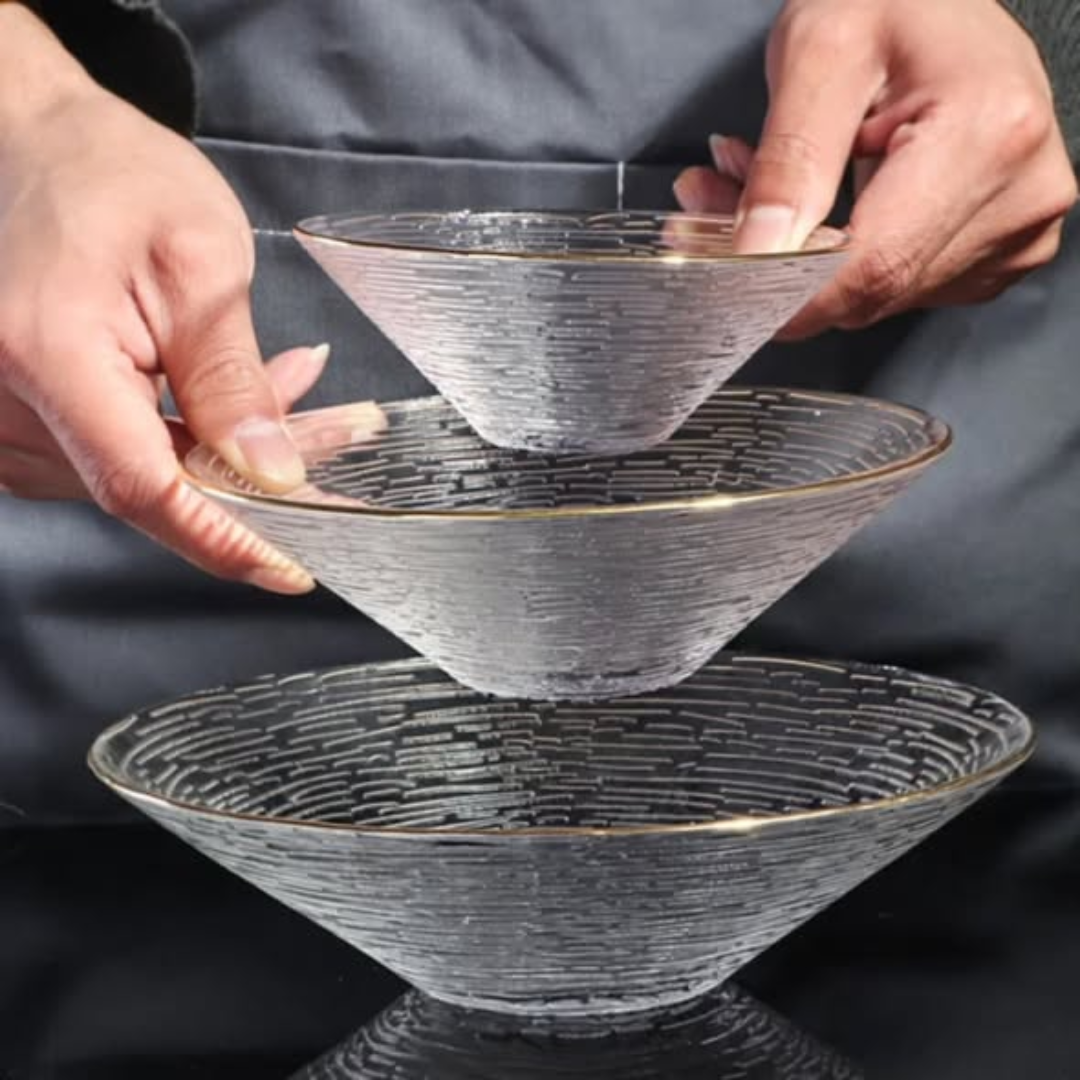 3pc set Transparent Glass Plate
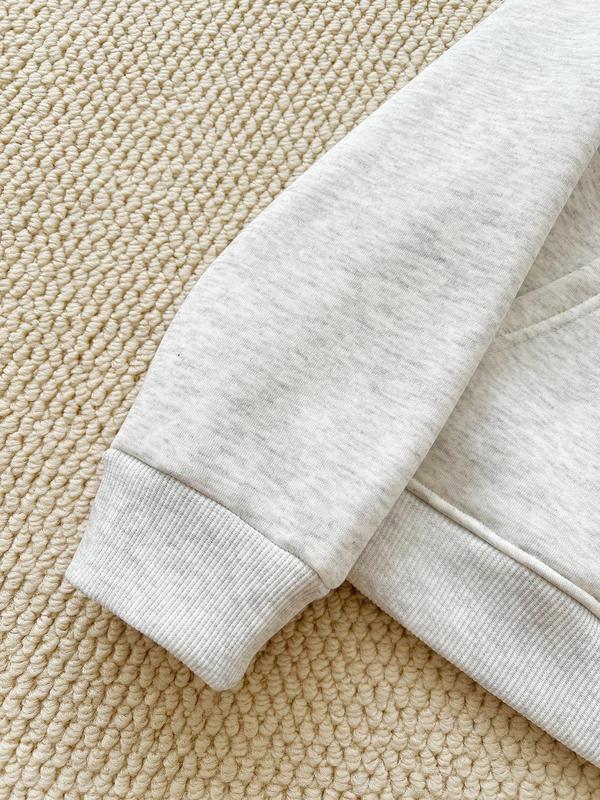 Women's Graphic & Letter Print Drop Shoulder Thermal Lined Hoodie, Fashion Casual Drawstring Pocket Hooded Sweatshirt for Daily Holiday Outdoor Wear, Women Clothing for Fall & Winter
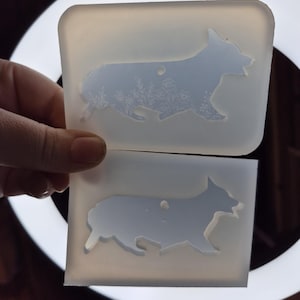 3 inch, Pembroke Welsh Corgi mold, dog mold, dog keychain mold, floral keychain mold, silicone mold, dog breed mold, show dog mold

-=-=-

=== Task item ===
Repeat all the material exactly, but keep pictures out of the copy.

=== Answer to this problem ===
 3pc set Transparent Glass Plate
 Women's Graphic & Letter Print Drop Shoulder Thermal Lined Hoodie, Fashion Casual Drawstring Pocket Hooded Sweatshirt for Daily Holiday Outdoor Wear, Women Clothing for Fall & Winter
 3 inch, Pembroke Welsh Corgi mold, dog mold, dog keychain mold, floral keychain mold, silicone mold, dog breed mold, show dog mold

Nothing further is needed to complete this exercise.